DATA TO PROCESS:
++++++

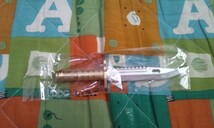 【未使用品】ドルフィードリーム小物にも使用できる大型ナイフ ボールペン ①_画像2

++++++

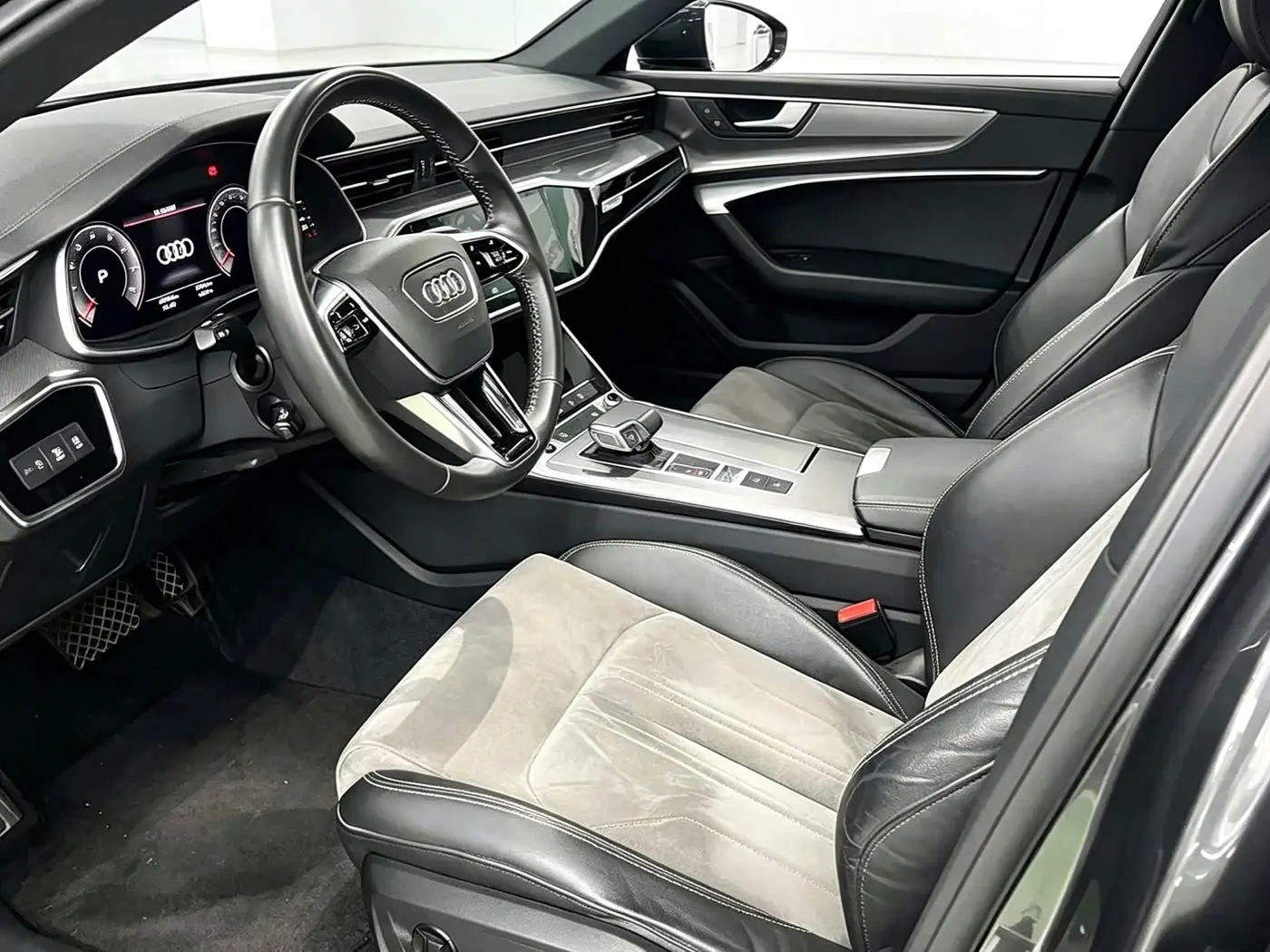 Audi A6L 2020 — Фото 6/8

++++++

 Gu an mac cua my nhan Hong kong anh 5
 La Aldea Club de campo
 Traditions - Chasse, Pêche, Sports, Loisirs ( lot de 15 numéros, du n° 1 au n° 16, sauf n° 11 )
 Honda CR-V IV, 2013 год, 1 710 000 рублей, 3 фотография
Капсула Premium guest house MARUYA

++++++

TASK PROMPT: Take the records above and return, word for word, only the lines that fall from the line with "Traditions - Chasse, Pêche, Sports, Loisirs" to the line with "Капсула Premium guest house MARUYA", both of them included.

WRITTEN REPLY:
 Traditions - Chasse, Pêche, Sports, Loisirs ( lot de 15 numéros, du n° 1 au n° 16, sauf n° 11 )
 Honda CR-V IV, 2013 год, 1 710 000 рублей, 3 фотография
Капсула Premium guest house MARUYA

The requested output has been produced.